=== Exercise inputs ===

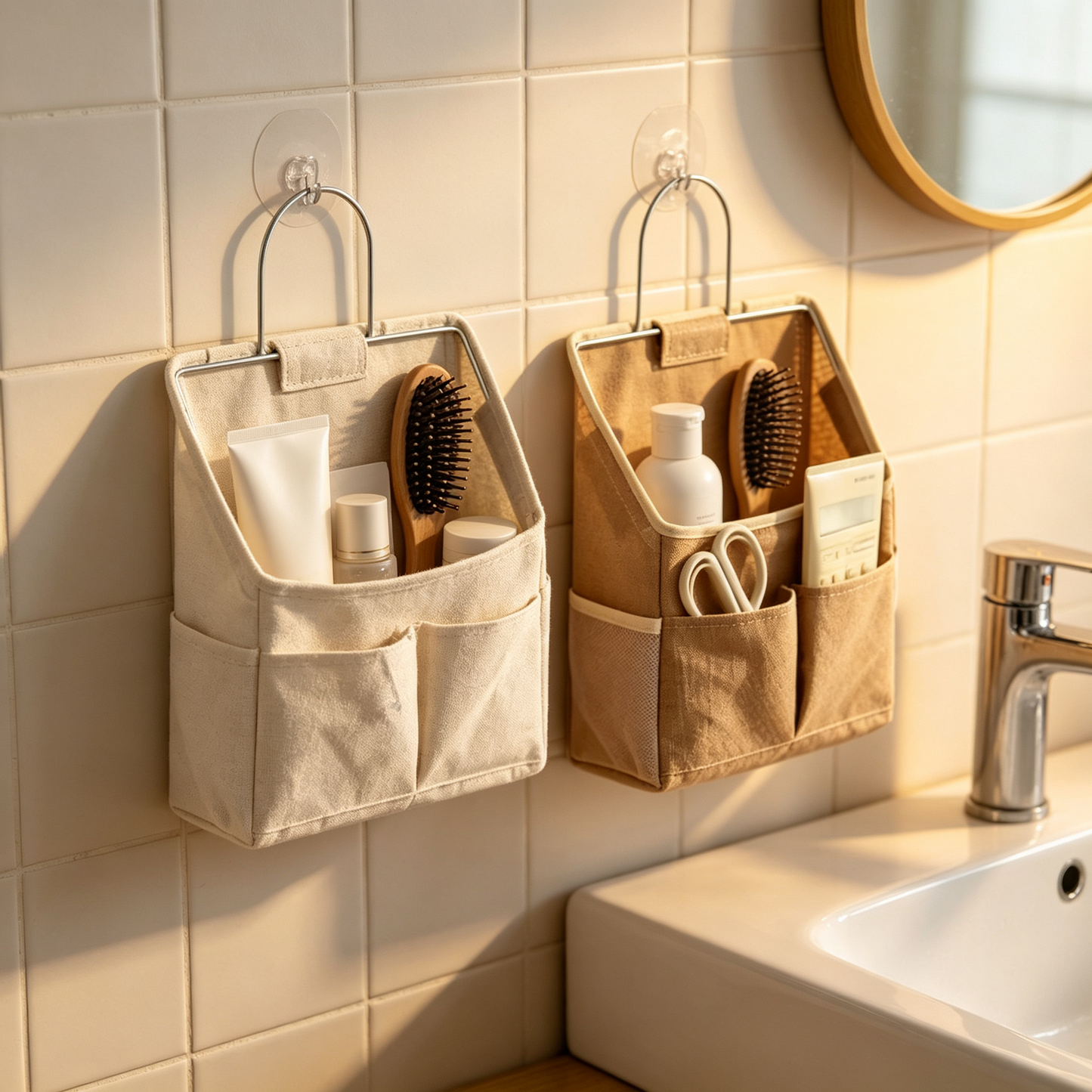 🧺 Hanging Organizer | Cotton Linen Fabric | Wall Storage | Home Lovers | Multi-Pocket Space Saver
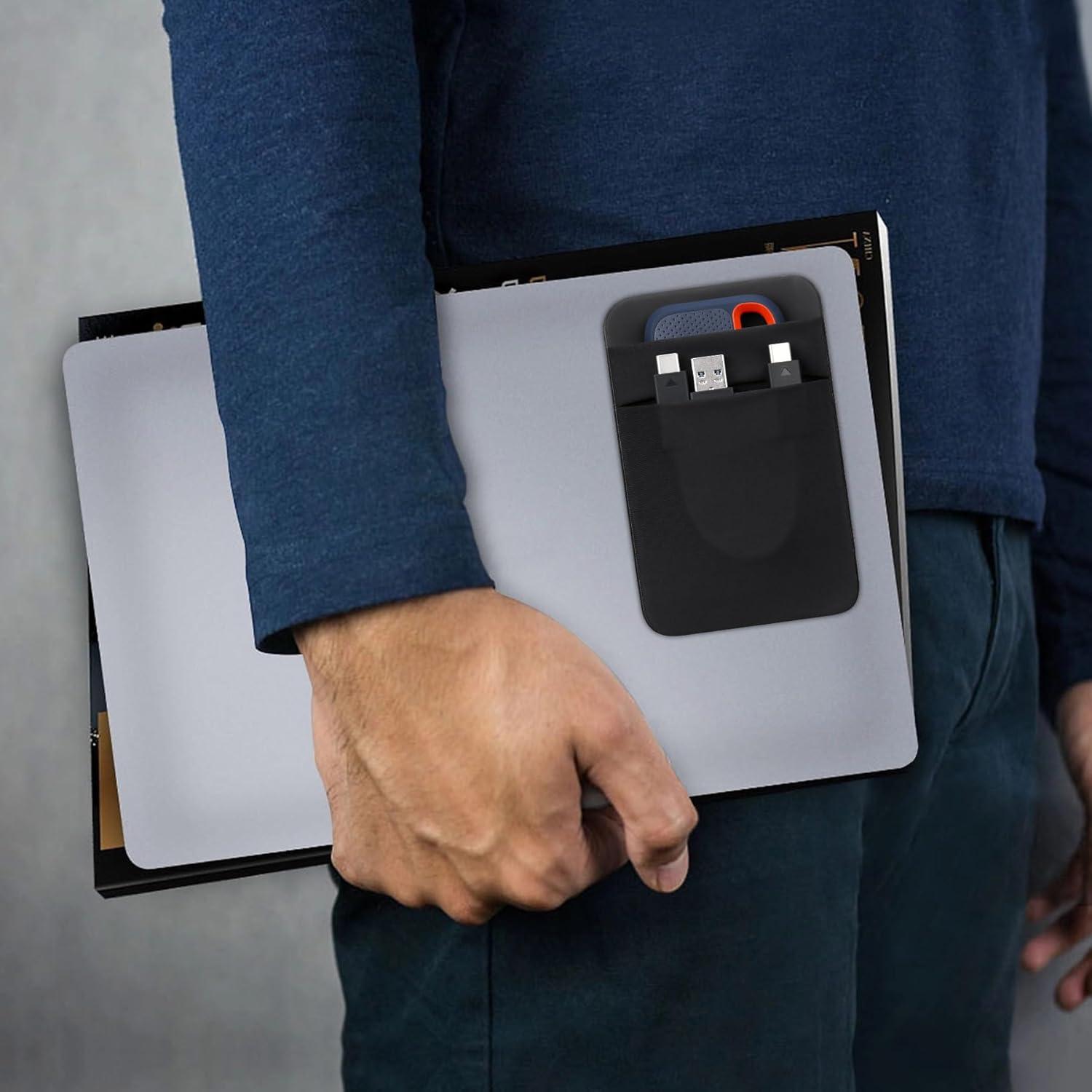 Funda Adhesiva para Disco Duro SSD Lacdo, 2 Bolsillos, Negro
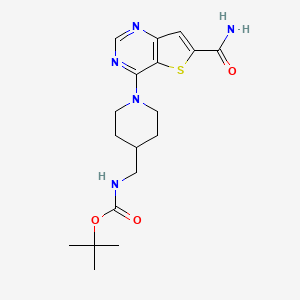 molecular formula C18H25N5O3S B15358826 tert-butyl N-[[1-(6-carbamoylthieno[3,2-d]pyrimidin-4-yl)piperidin-4-yl]methyl]carbamate 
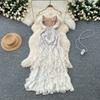 Summer Women Elegant Spaghetti Strap Open Back Lace Long Maxi Party Fishtail Dresses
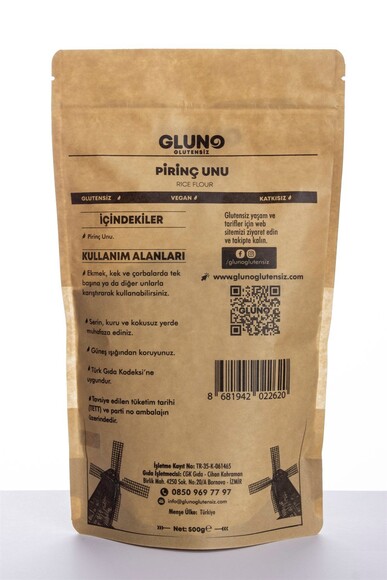 GLUNO GLUTENSİZ PİRİNÇ UNU 500 GR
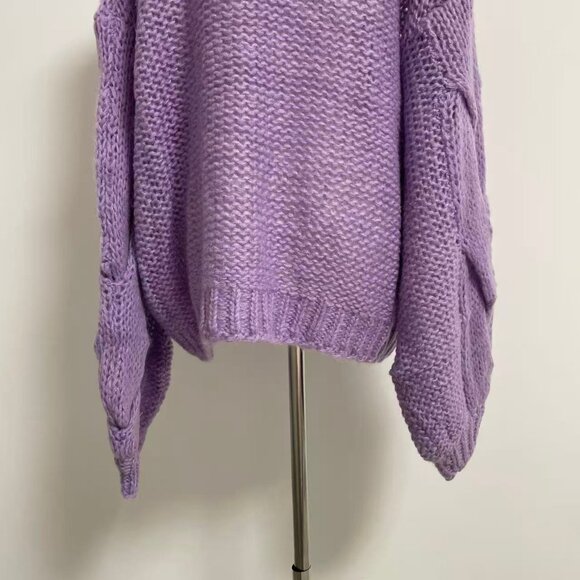 Anagram Open-knit Mohair-blend Sweater In Purple - Picture 7 of 10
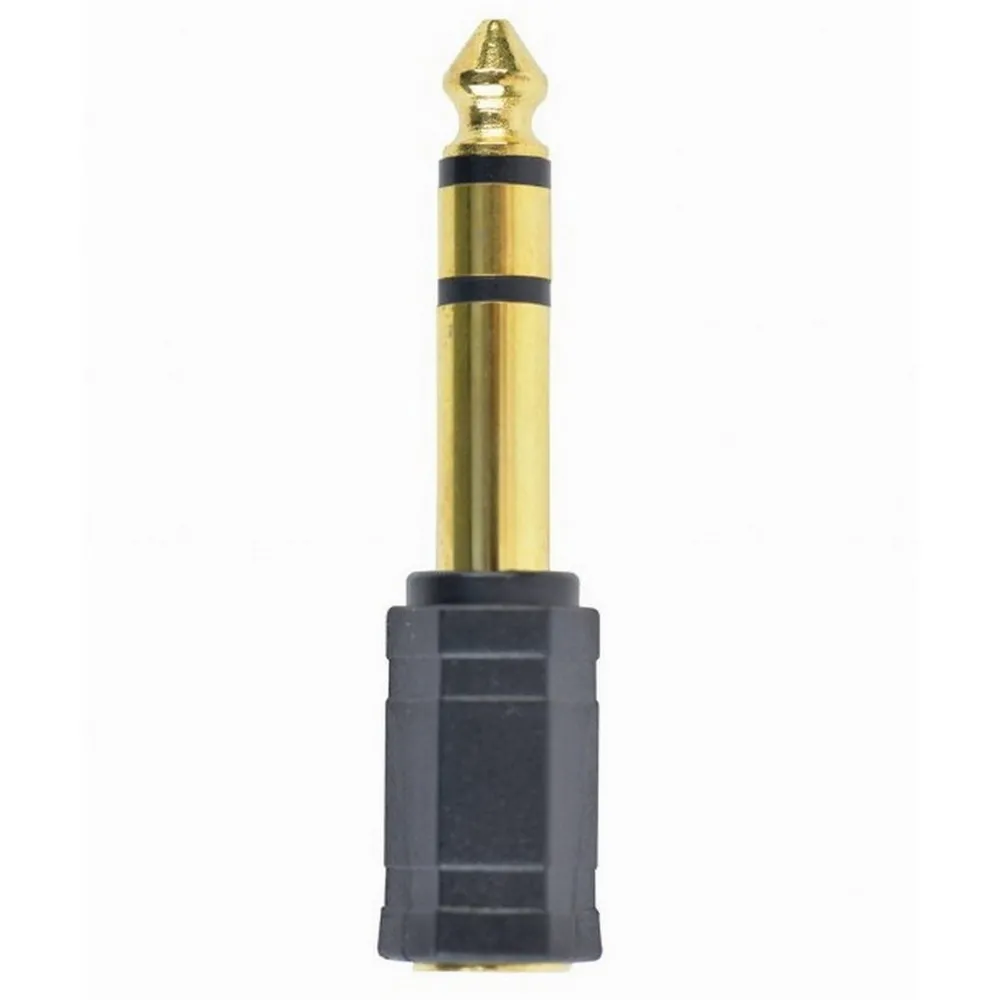 Audio Adaptor Cablexpert A-6.35M-3.5F, 6.35mm 3-pin (M) - 3.5mm 3-pin (F), Negru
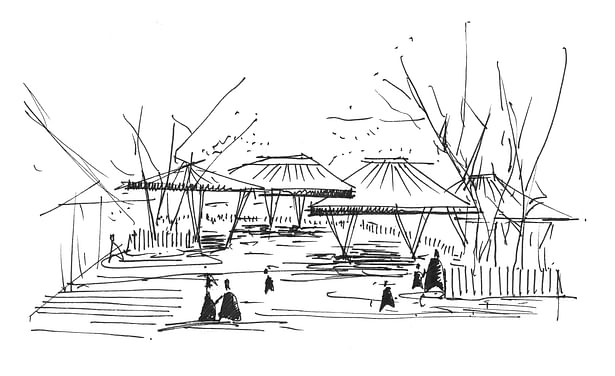 Sketch of the huts at the entrance plaza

===

### Your objective
Omit every picture, then write out the entries above exactly.

### Solution for this problem
 🧺 Hanging Organizer | Cotton Linen Fabric | Wall Storage | Home Lovers | Multi-Pocket Space Saver
 Funda Adhesiva para Disco Duro SSD Lacdo, 2 Bolsillos, Negro
 molecular formula C18H25N5O3S B15358826 tert-butyl N-[[1-(6-carbamoylthieno[3,2-d]pyrimidin-4-yl)piperidin-4-yl]methyl]carbamate 
 Summer Women Elegant Spaghetti Strap Open Back Lace Long Maxi Party Fishtail Dresses
 GLUNO GLUTENSİZ PİRİNÇ UNU 500 GR
 Anagram Open-knit Mohair-blend Sweater In Purple - Picture 7 of 10
 Audio Adaptor Cablexpert A-6.35M-3.5F, 6.35mm 3-pin (M) - 3.5mm 3-pin (F), Negru
 Sketch of the huts at the entrance plaza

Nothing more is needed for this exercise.